Given: right triangles ABC and DEF with hypotenuses AB = DE and legs AC = DF
To show : angle(A) is congruent with angle(D) and hence by SAS triangle(ABC) is congruent with triangle(DEF).
Proof outline . Suppose not. We can assume that m(angle(A)) < m(angle(D)) (why?) Then construct B' on FE
so that m(angle(FDB')) = m(angle(A)). So triangle CAB is congruent with triangle FDB' (why?). So AB = DB' (why?). So m(angle(EB'D))= m(angle(B'ED)) (why?) So m(angle(EB'D)) < 90 (why?). But m(angle(EB'D)) > 90 by the exterior angle theorem. qed
Note: There is a much shorter proof using pythagoras' theorem.
T35 The median to the hypotenuse of any right triangle is half as long as the hypotenuse.
Idea of proof . Drop a perpendicular from the midpoint of the hypotenuse to one of the legs.

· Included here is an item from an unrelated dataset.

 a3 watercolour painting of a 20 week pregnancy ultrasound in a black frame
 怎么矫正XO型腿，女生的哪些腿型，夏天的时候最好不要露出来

Establish that the right triangle cut off is similar to the original by a factor of 1/2. Then show that the right triangle cut off is congruent to the right triangle whose hyponuse is the median to the hypotenuse of the original triangle.
T36 In any right triangle, the altitude to the hypotenuse forms two right triangles that are similar to each other and to the original triangle.
![[Maple OLE 2.0 Object]](images/theory52.gif)
Hint on Proof: Use the labelled diagram (which theorems do you need to justify the two angles marked with the same number are congruent?)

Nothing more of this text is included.